Bupati Kabupaten Mimika, Johannes Rettob menjawab aksi demo FPHUM
di halaman DPRK Mimika, Selasa (25/11/2025) menegaskan bahwa persoalan tapal
batas Mimika telah dibahas bersama Bupati Deiyai dan Gubernur Papua Tengah. Ia
juga menyampaikan bahwa Pemkab Mimika telah dua kali mengirim surat resmi
kepada Kementerian Dalam Negeri (Kemendagri) untuk meminta peninjauan dan
pengembalian batas wilayah sesuai ketentuan.
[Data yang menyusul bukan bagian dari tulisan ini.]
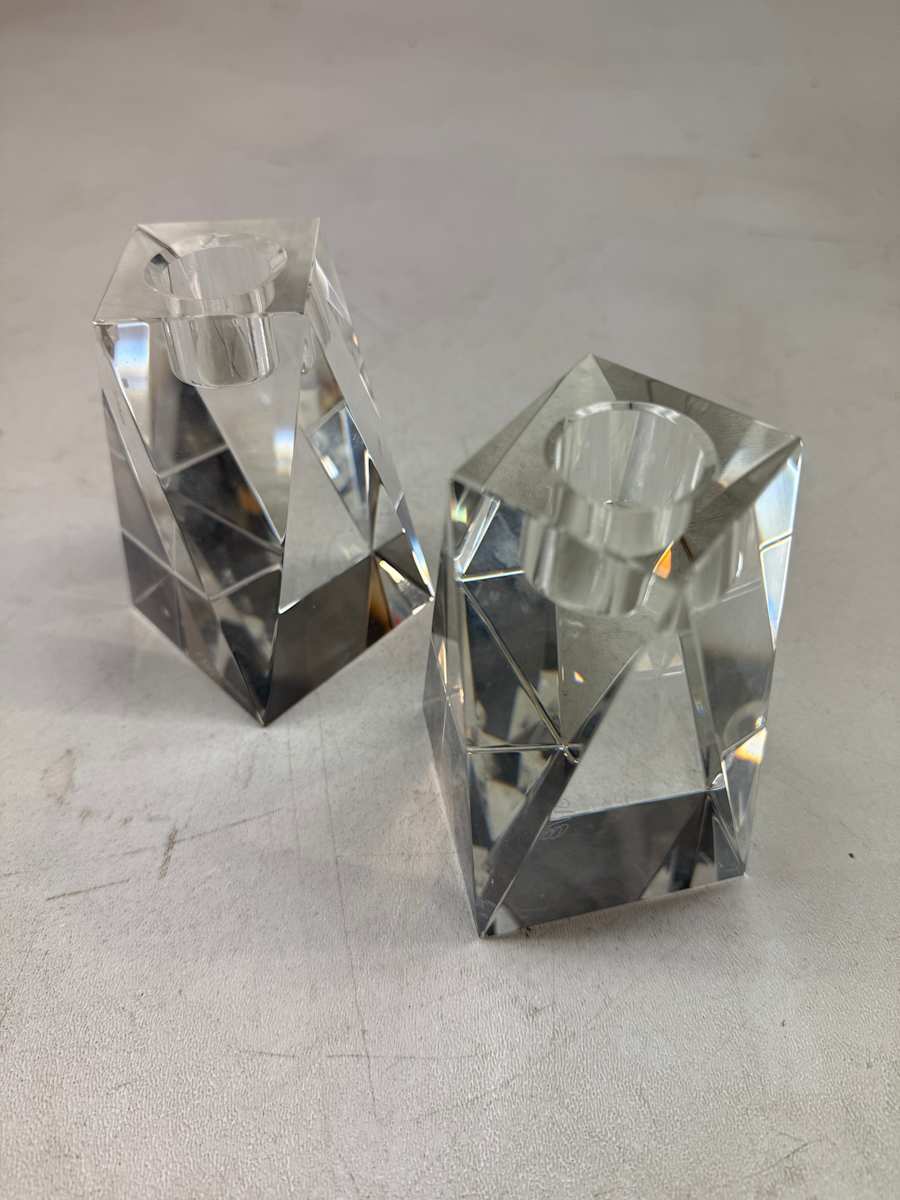 Oleg Cassini cut glass candle sticks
Rettob menjelaskan, berdasarkan Undang-Undang Nomor 45 Tahun
1999, luas wilayah Kabupaten Mimika adalah 21.000 kilometer persegi. Mimika
juga belum pernah mengalami pemekaran wilayah, sementara beberapa kabupaten
lain di sekitarnya sudah dimekarkan. Karena itu, ia menegaskan bahwa wilayah
hasil pemekaran tidak boleh mengambil atau mengklaim tanah yang secara
administratif merupakan bagian dari Mimika.
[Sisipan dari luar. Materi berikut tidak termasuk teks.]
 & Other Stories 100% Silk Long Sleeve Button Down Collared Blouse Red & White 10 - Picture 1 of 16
“Kita harus memperhatikan dan menjaga wilayah seluas 21.000
kilometer persegi ini. Kabupaten lain yang dimekarkan tidak boleh mengambil
tanah yang menjadi hak Mimika,” ujar Rettob.
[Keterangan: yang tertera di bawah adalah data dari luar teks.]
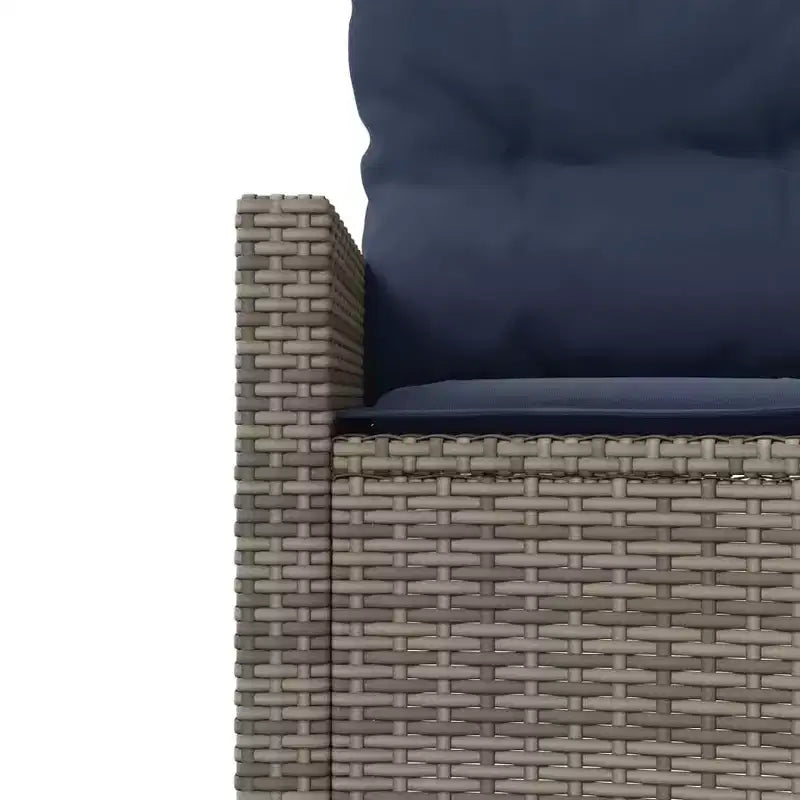 vidaXL Canapé de jardin avec coussins, canapé demi-rond, rotin synthétique gris - Sans table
Ia mengajak masyarakat Mimika Wee untuk tetap menjaga
wilayah adat, terutama di kawasan perbatasan seperti Kapiraya, Umumuka, dan
Potowai. Program pembangunan yang berjalan di kawasan perbatasan, menurutnya,
juga harus dijaga sebagai bentuk kehadiran pemerintah.
“Kita harus mempertahankan wilayah kita dan menjaga apa yang
sudah dibangun. Jangan sampai ditinggalkan,” pesannya.
Kabupaten Mimika sendiri berada di wilayah tengah selatan
Papua, menjadi salah satu daerah dengan posisi strategis karena berbatasan
langsung dengan banyak kabupaten lain. Secara administratif, Mimika diapit oleh
Dogiyai, Deiyai, Paniai, dan Puncak Jaya di bagian utara. Di sebelah timur,
wilayah ini berbatasan dengan Asmat dan Nduga, sementara bagian baratnya
bersentuhan dengan wilayah Papua Barat, seperti Kaimana. Di selatan, batas
Mimika berakhir pada hamparan Laut Arafuru yang menjadi pintu keluar bagi masyarakat
pesisir.
Namun, jika batas administratif dapat digambar dengan garis
tegas di atas peta, tidak demikian halnya dengan batas adat. Di Mimika, batas
wilayah adat ditentukan oleh sejarah panjang hubungan antarsuku, cerita
leluhur, aliran sungai, hingga tempat-tempat sakral yang diwariskan
turun-temurun. Dua suku besar Kamoro di pesisir dan Amungme di pegunungan
menjadi pemilik ulayat utama. Bagi Kamoro, batas timur wilayah adat membentang
hingga Sungai Otakwa dan ke barat mendekati Potowaiburu, sedangkan Amungme memiliki
ulayat yang mengikuti lembah-lembah kaki gunung dan punggung bukit di wilayah
pegunungan.
Meski demikian, batas adat tidak selalu sejalan dengan batas
administrasi. Beberapa titik wilayah masih menjadi sengketa, baik antar suku
maupun antara masyarakat adat dan pemerintah. Bahkan di internal suku tertentu
terdapat klaim-klaim yang berbeda soal wilayah ulayat. Situasi ini kerap memicu
ketegangan, terutama ketika pembangunan, investasi, atau proyek pemerintah
membutuhkan kepastian ruang.
Pemerintah sebenarnya telah mengakui pentingnya batas
administrasi, tetapi batas adat adalah identitas bagian dari jati diri
masyarakat yang tidak bisa disederhanakan. Karena itu, penyelesaian batas di
Mimika tidak bisa hanya mengandalkan pendekatan teknis, tetapi harus
mengedepankan dialog adat, musyawarah, dan penghormatan terhadap hak ulayat
yang telah ada jauh sebelum batas kabupaten digambar.